Strawinsky sagt Diaghilev zu, obwohl der ihm nur vier Wochen für die Herstellung der gesamten Ballettmusik einschließlich der Gesangsnummern einräumt: »Ich begann mit dem Komponieren direkt an Pergolesi-Abschriften, so
als ob ich ein altes Werk von mir selbst korrigieren würde. Den Anfang machte
ich ohne vorgefasste Meinungen oder ästhetische Ansichten, und ich konnte
über das Ergebnis nichts voraussagen. Ich wusste, dass ich keine Nachahmung
DASSELBE, ANDERS
35
von Pergolesi verfertigen konnte, da meine motorisch-rhythmischen Bewegungsabläufe so anders waren. Bestenfalls konnte ich ihn wiederholen, in meinem eigenen Akzent. Pulcinella war meine Entdeckung der Vergangenheit, die
Epiphanie, durch welche mein ganzes späteres Werk möglich wurde. Es war
natürlich ein Blick zurück – die erste von vielen Liebesaffären in dieser Richtung –, aber es war auch ein Blick in den Spiegel.«
Es war Strawinsky nicht leicht gefallen, Pergolesis Musik in seine eigene
Sprache zu übersetzen. Er hatte zwar bereits unfertige Werke anderer Komponisten ergänzend instrumentiert, aber hier handelte es sich um tiefere Eingriffe
in die Werkstruktur. In seinen Erinnerungen bekannte er: »Bevor ich an diese
schwere Aufgabe heranging, musste ich mir die wichtigste Frage beantworten,
die sich unter solchen Umständen von selbst stellt: Sollte meine Liebe oder mein
Respekt für die Musik von Pergolesi die Linie meines Verhaltens bestimmen?«
Sein Respekt vor Pergolesi hindert Strawinsky jedenfalls nicht daran, dessen Musik ins zwanzigste Jahrhundert zu transferieren, obwohl Diaghilev von
ihm »eine peinlich gesittete Instrumentation von etwas sehr Lieblichem« erwartete. Zwar behält Strawinsky die barocke Konstellation von konzertierendem
Solisten-Ensemble (Concertino) und Kammerorchester (Concerto grosso) bei.

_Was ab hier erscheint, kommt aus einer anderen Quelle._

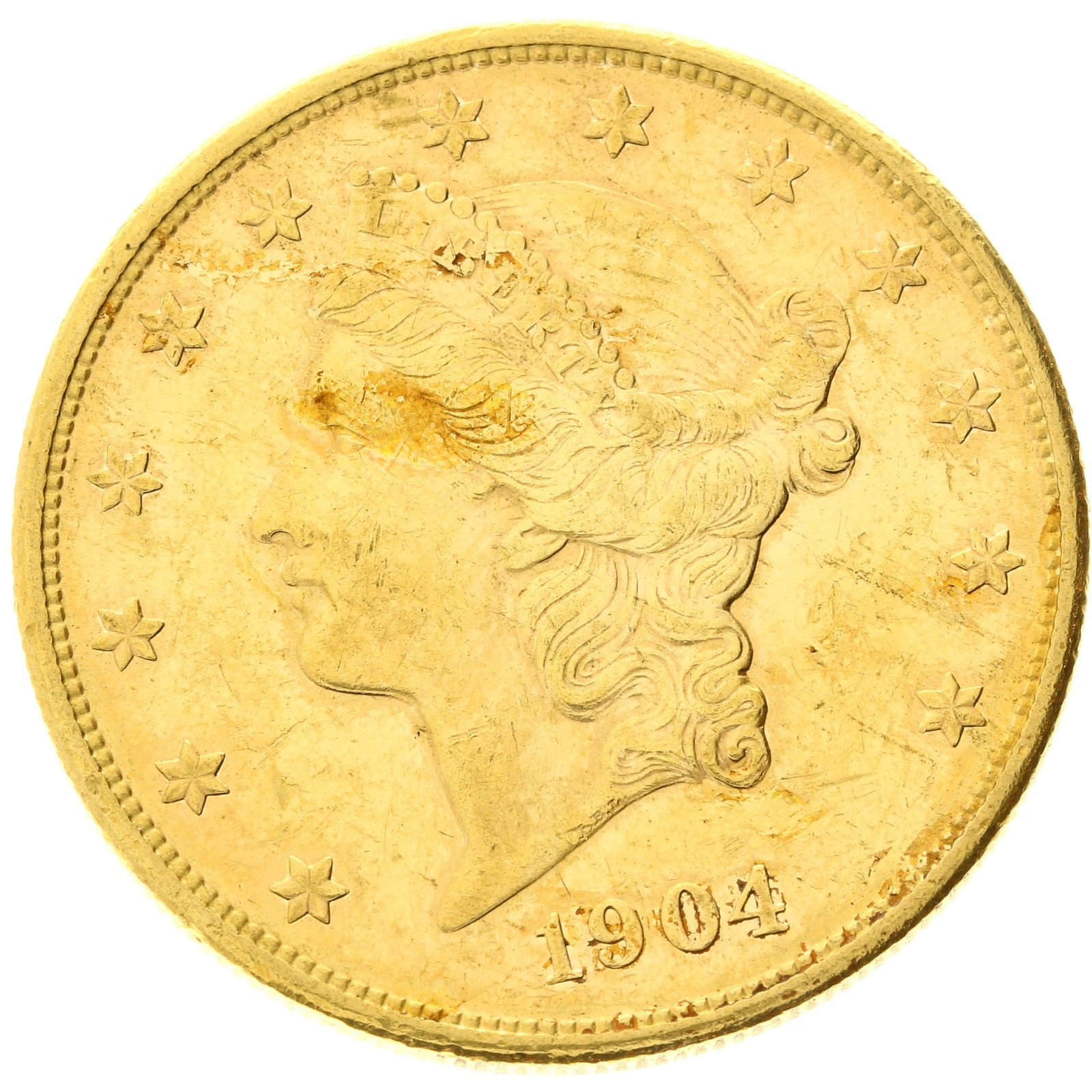 USA - 20 dollars - 1904 - S - Liberty Head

In formaler Hinsicht arbeitet er jedoch geradezu chirurgisch. Er schneidet aus
dem musikalischen Verlauf Takte und Taktgruppen heraus, entfernt Stimmen,
fügt neue hinzu, montiert Ausschnitte aus unterschiedlichen Quellen direkt
aneinander und baut unauffällig neu komponierte Passagen ein. Mit Akzentverschiebungen, Taktwechseln und Tempobeschleunigungen greift er in die Rhythmik und Metrik ein. Endgültig »modernisiert« erscheint Pergolesis Musik durch
winzige, aber wirkungsvolle Eingriffe in die Harmonik. Dissonierende Töne
kommen hinzu, harmonische Wendungen verlaufen anders als erwartet, Orgelpunkte verbinden separate Schichten.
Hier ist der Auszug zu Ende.